Klove, S.; Graversen, K. B.; Agerbo Rasmussen, J.; Assis, J.; Schluter, J.; Blaser, M. J.; Andersen, S. B.

Perturbations to the early life microbial colonization of humans alter the development of the host immune system and can cause increased weight gain. We hypothesized that establishing early-life infection with H. pylori, a symbiotic bacterial species that has co-evolved with humans for at least 300,000 years, worsens the impact of induced obesity. To test this hypothesis, we treated C57BL/6JRj neonatal mice with H. pylori or not and subjected them to a high-fat diet (HFD) after weaning. Two diet intervention experiments were conducted: (1) a short-term (three-week) intervention to primarily monitor blood plasma metabolic hormone and cytokine levels, and (2) a long-term (five-month) intervention to primarily monitor fecal and gastrointestinal microbiome composition.

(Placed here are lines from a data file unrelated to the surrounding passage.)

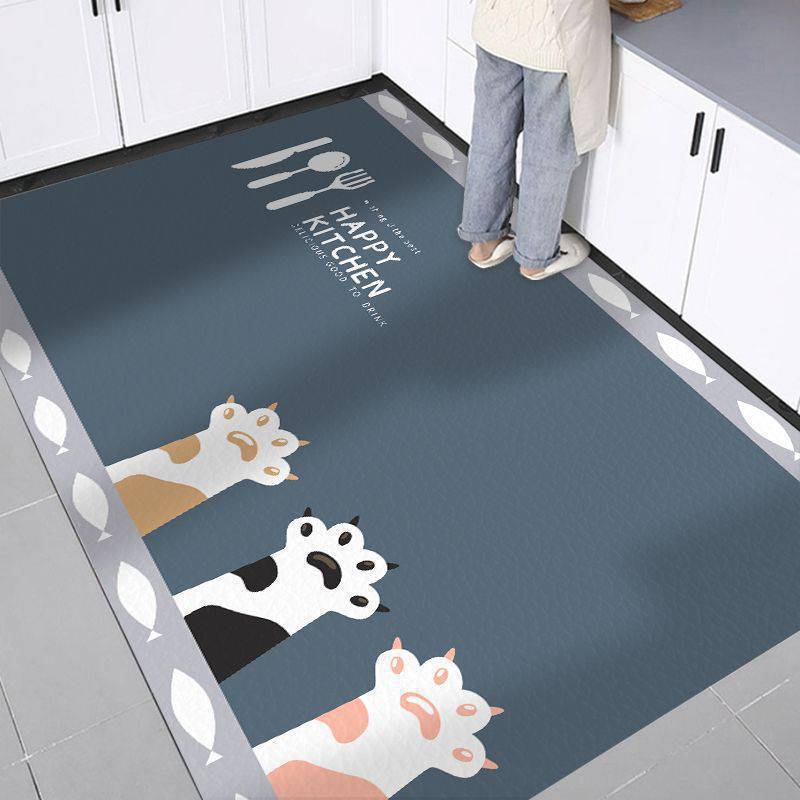 Diatom Mud Carpet, Kitchen Floor Mat, Oil Resistant and Dirt Resistant Foot Mat, Anti Slip Pad, Water Absorbing Rug Oil Absorbing, Fully Laid Carpet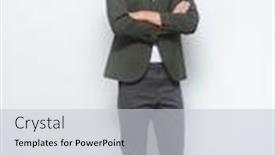  Presentation with sneakers - Slide set enhanced with full-length-young-business-man background and a light gray colored foreground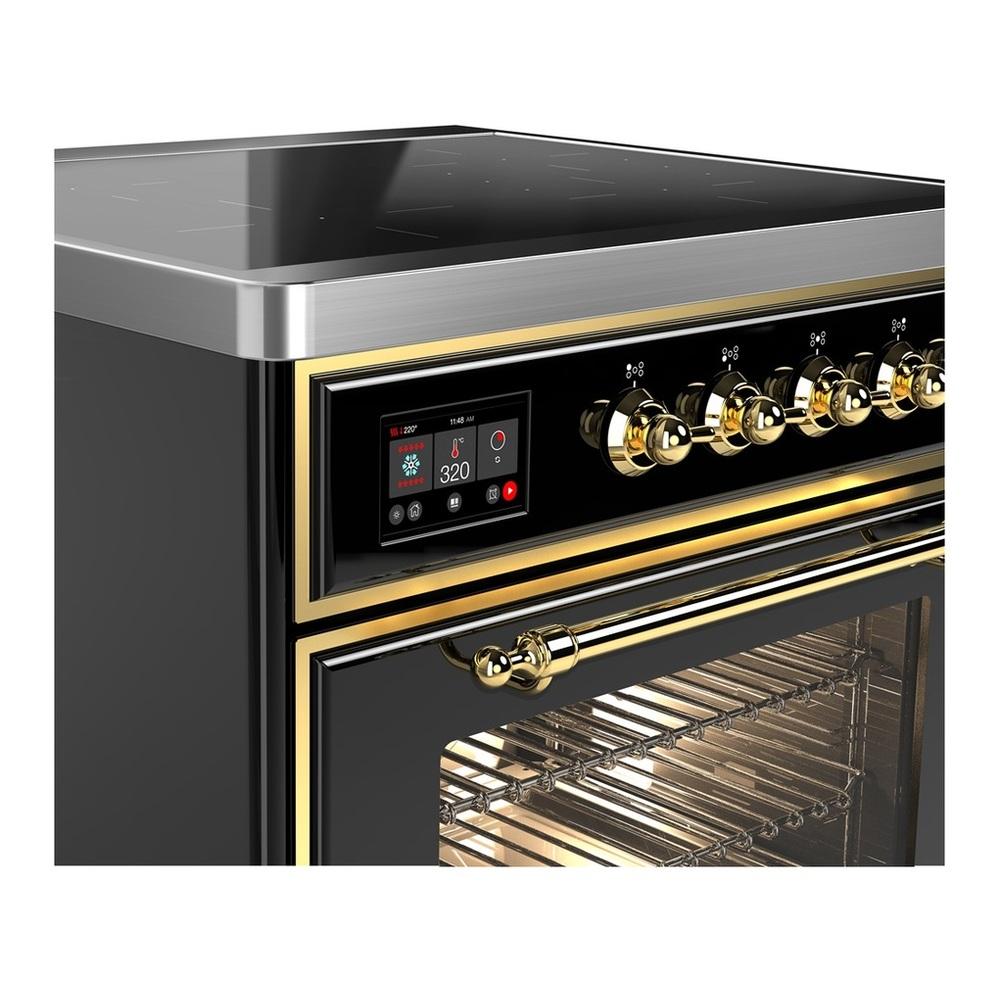 Ilve UMIB30NR3BKG Ilve Umib30Nr3Bkg Majestic Iii 30 Inch Induction Range With 4 Elements, 4 Cu. Ft. Oven Capacity (Triple Glass Door, Glossy Black, Brass)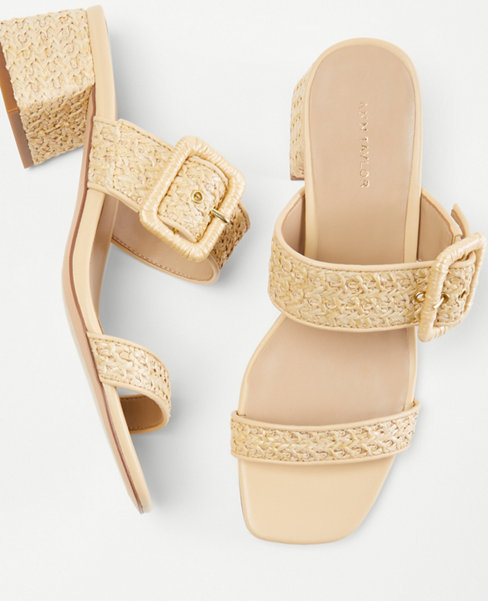 Straw Buckle Two Strap Sandals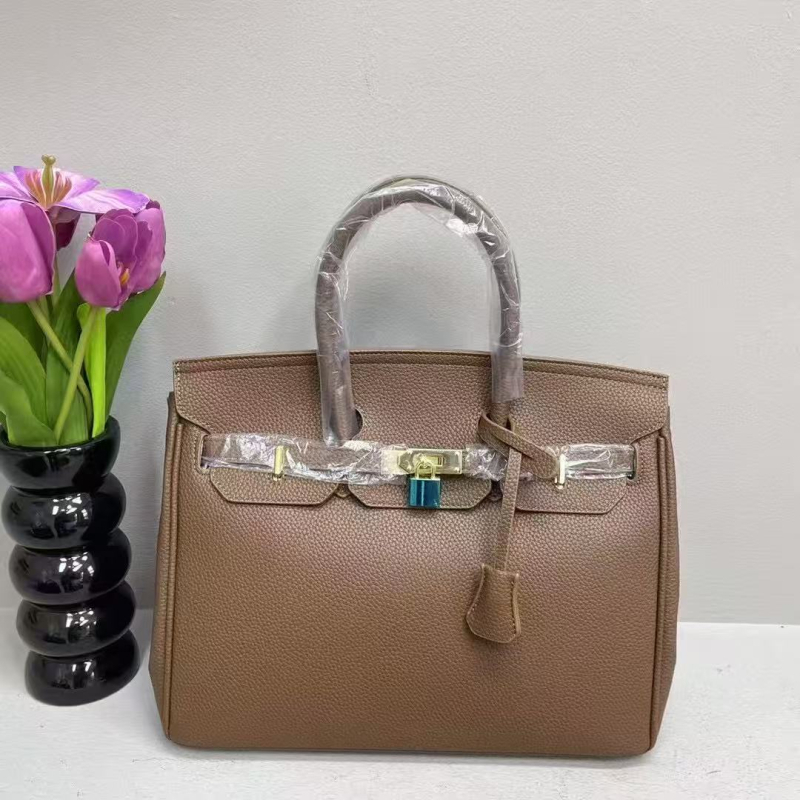 Geantă de damă cu textură lychee și finisaj platinat, nou model de modă, geantă mare în stil Kelly, pentru umăr sau crossbody, potrivită miresei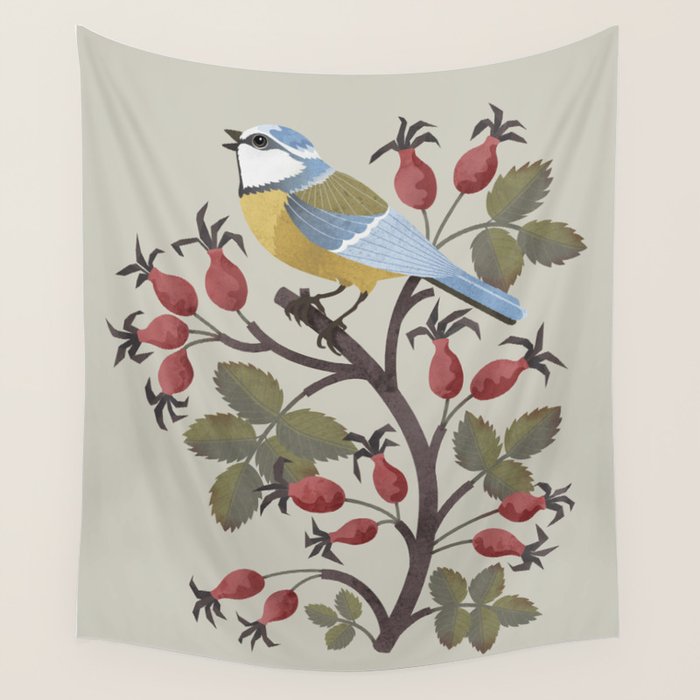 Blue Tit on Red Rose Hips Wall Tapestry Gallery Image 1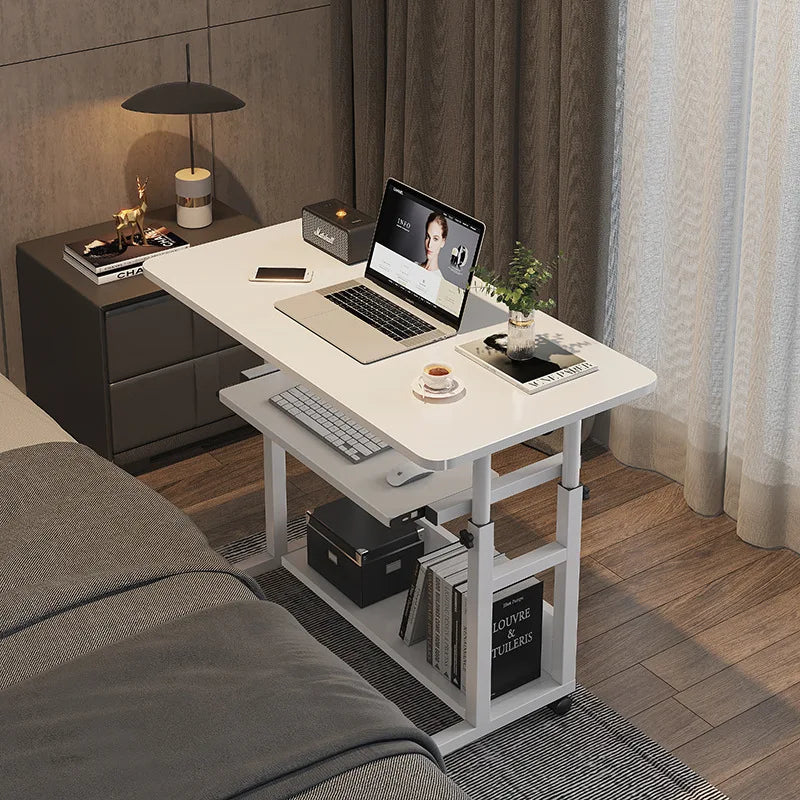 Movable Laptop Desk Wooden Height-adjustable Computer Desk Simple Storage Computer Table with Wheel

We observed that H. pylori infection mediated differences in diet responses with increased visceral fat accumulation, and higher levels of leptin and monocyte chemoattractant protein-1 (MCP-1) in HFD male mice, which correlated with H. pylori load. Additionally, infection altered the composition of the gastrointestinal microbiome. From our models, we conclude that early-life infection with H. pylori accelerates metabolic health decline in the face of a diet-induced obesity challenge, through modulation of inflammatory responses and gut microbiome composition.